Sunday, June 17, 2012

2.2 Manuscripts, Manuscripts

My second weekend post in my hermeneutical autobiography series.  Yesterday I started writing on my pilgrimage on the subject of the biblical text.

Incidentally, this is my first Father's Day without my father on the earth. May God allow me to stay on the earth with my children for as long as I had him with me. But come what may, may they never have any doubt of my love for them and of my earnestness for them to have blessed lives.
__________
Here are some of the things I learned in my last two years of college and my first year of seminary.  We do not have any of the original "autographs" of the New Testament (let alone the Old Testament).  All we have are copies of copies of copies (it's possible that a couple of the oldest fragments could be copies of the original or copies of copies of the original, but this is pure speculation and in the end we're talking about a couple fragments smaller than a driver's license).

I don't remember ever worrying about the fact that we don't have the original Mark or Romans or Isaiah.  Indeed, my questions were on the other end of things.  Are the many medieval manuscripts that basically read like the King James more original or are the older manuscripts that were discovered in recent centuries more reliable?

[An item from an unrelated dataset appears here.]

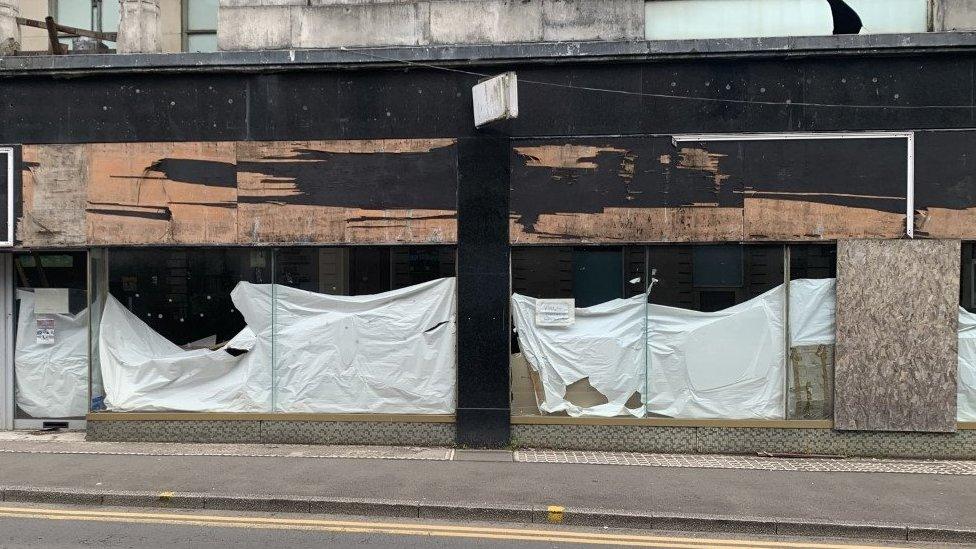 Boarded up windows of an old Hyper Values store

I was introduced to Bishop Brooke Foss Westcott and Fenton J. A. Hort and their 1881 edition of the Greek New Testament that, for the first time, printed their "eclectic" Greek text as the main text and put the "textus receptus," the Greek text behind the KJV, in the notes.  An eclectic text is one where the editor has tried to make a decision on what the most likely original wording of the text was instance by instance.  Accordingly, their Greek text--or the one behind modern translations of the Bible--does not follow any one Greek manuscripts but picks what it thinks are the best variations among all the existing manuscripts.

I actually wrote a paper for Bob Black's church history class at Southern Wesleyan University (SWU) arguing that the two key manuscripts Westcott and Hort favored (Codex Sinaiticus and Codex Vaticanus), dating to the early 300s, might have been ones commissioned by Constantine under the supervision of Eusebius (2 of 50 some manuscripts).  And since Eusebius did not take the orthodox position in the Arian controversy (he favored that Christ was of similar substance to the Father--homoiousios--as opposed to what became the orthodox position by Athanasius that Christ was of the same substance of the Father--homoousios) I argued that perhaps these two manuscripts were faulty.  Indeed, perhaps the reason they had survived was the fact that they were bad manuscripts.

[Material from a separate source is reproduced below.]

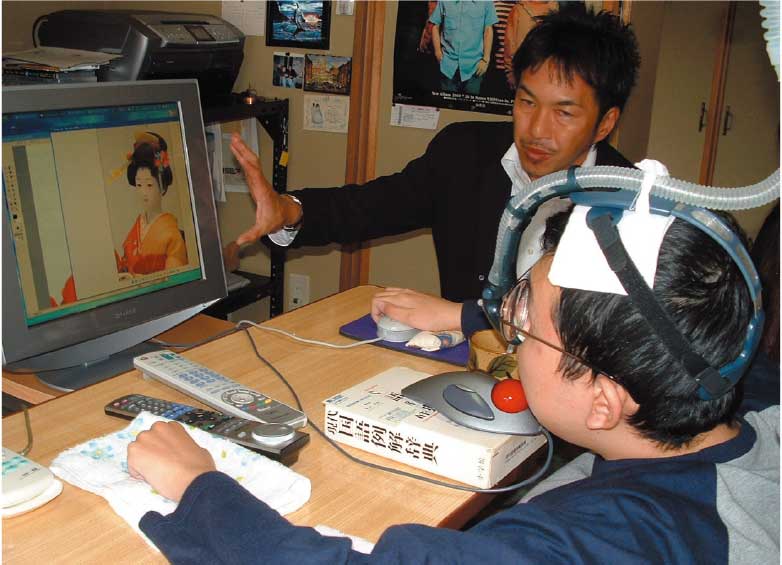 青山編集長にパソコンの画面を見せながら画像の製作工程を説明している工藤靖也さん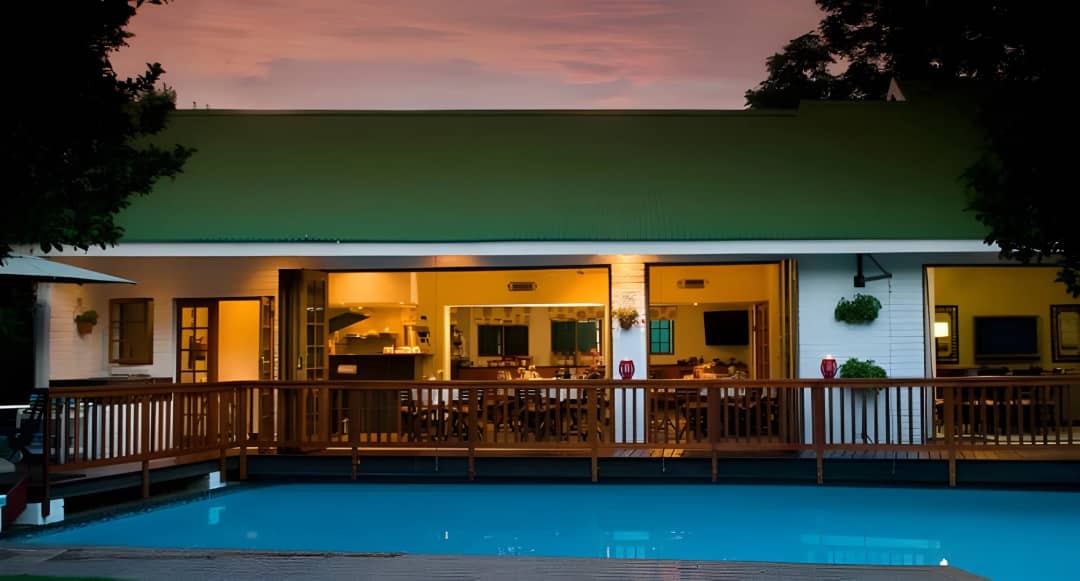 Evening view of restaurant across the pool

I am now embarrassed at how illogical the paper's argument was.  It is a great example of how something that sounds rather smart to an outsider--and may even involve some smarts in putting together--can be completely misguided.  It is an example of the conclusion driving the argument, rather than the evidence driving the argument.  It is an example of trying to argue for something that is possible (but fits with one's preconceptions) rather than trying to argue for the probable.

Don't criticize me if I don't always adopt convenient arguments for possible conclusions that we find desirable.  I know what special pleading is because I used to do it.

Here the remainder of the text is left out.